* _Task directions_
Omitting all pictures, copy word for word the lines from the line containing "Now bring the" through the final line of the entries.

Dataset entries
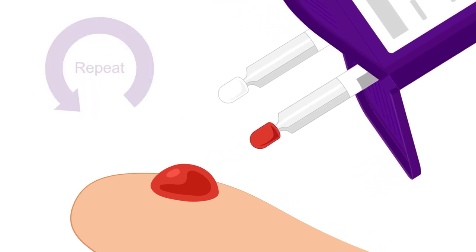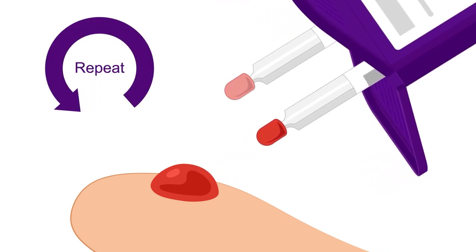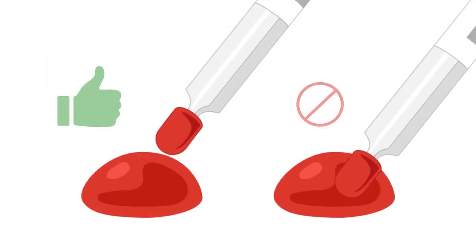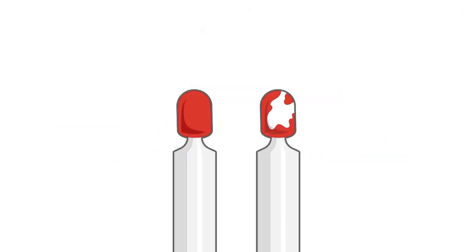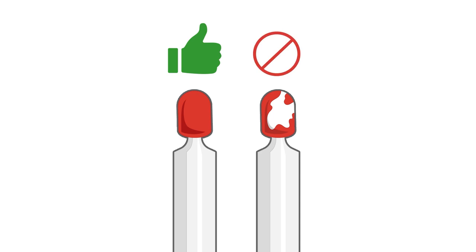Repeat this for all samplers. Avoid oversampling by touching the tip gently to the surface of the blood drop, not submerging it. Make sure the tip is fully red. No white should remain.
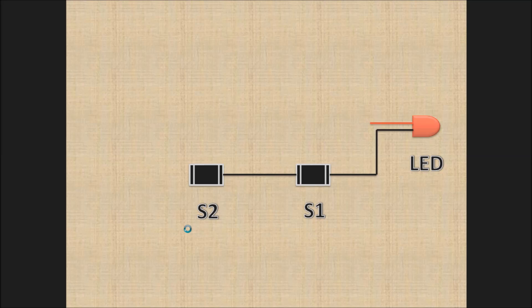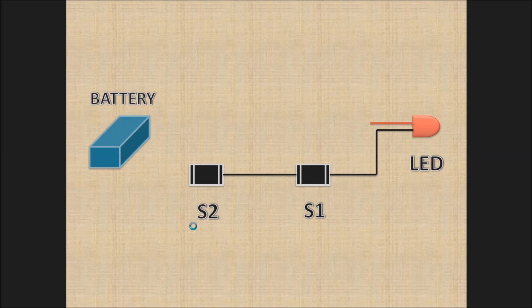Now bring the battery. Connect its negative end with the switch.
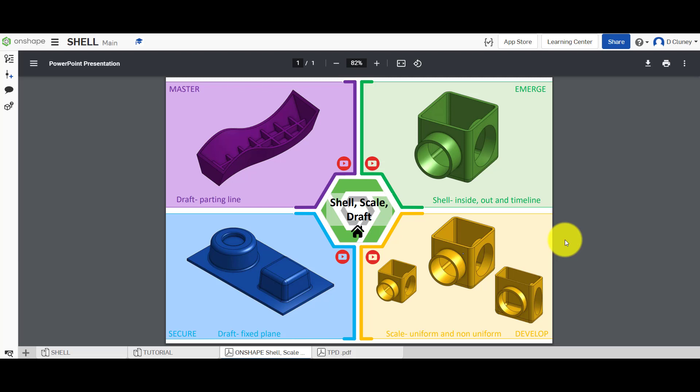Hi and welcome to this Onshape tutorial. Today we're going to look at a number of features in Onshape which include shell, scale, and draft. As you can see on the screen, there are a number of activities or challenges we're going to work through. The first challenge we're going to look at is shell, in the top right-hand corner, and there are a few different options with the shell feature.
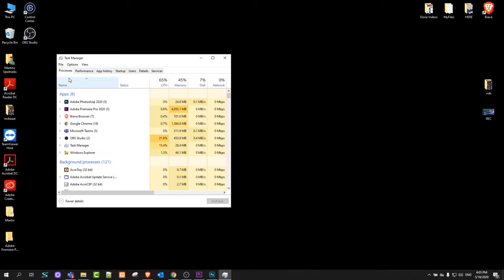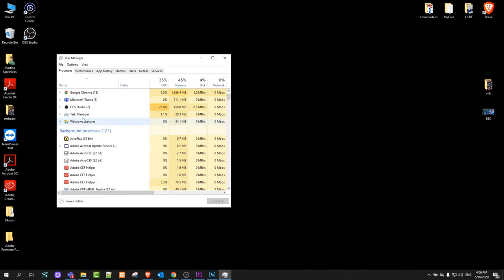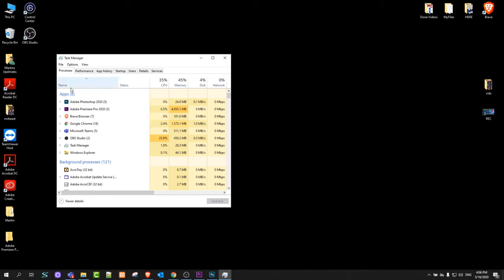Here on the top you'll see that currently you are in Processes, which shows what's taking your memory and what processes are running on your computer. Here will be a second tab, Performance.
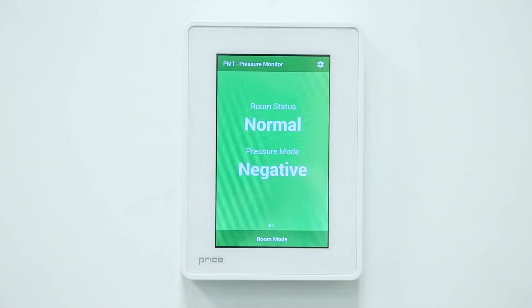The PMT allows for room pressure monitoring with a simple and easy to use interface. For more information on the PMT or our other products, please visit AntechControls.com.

* _Answer to this problem_
Now bring the battery. Connect its negative end with the switch.
Hi and welcome to this Onshape tutorial. Today we're going to look at a number of features in Onshape which include shell, scale, and draft. As you can see on the screen, there are a number of activities or challenges we're going to work through. The first challenge we're going to look at is shell, in the top right-hand corner, and there are a few different options with the shell feature.
Here on the top you'll see that currently you are in Processes, which shows what's taking your memory and what processes are running on your computer. Here will be a second tab, Performance.
The PMT allows for room pressure monitoring with a simple and easy to use interface. For more information on the PMT or our other products, please visit AntechControls.com.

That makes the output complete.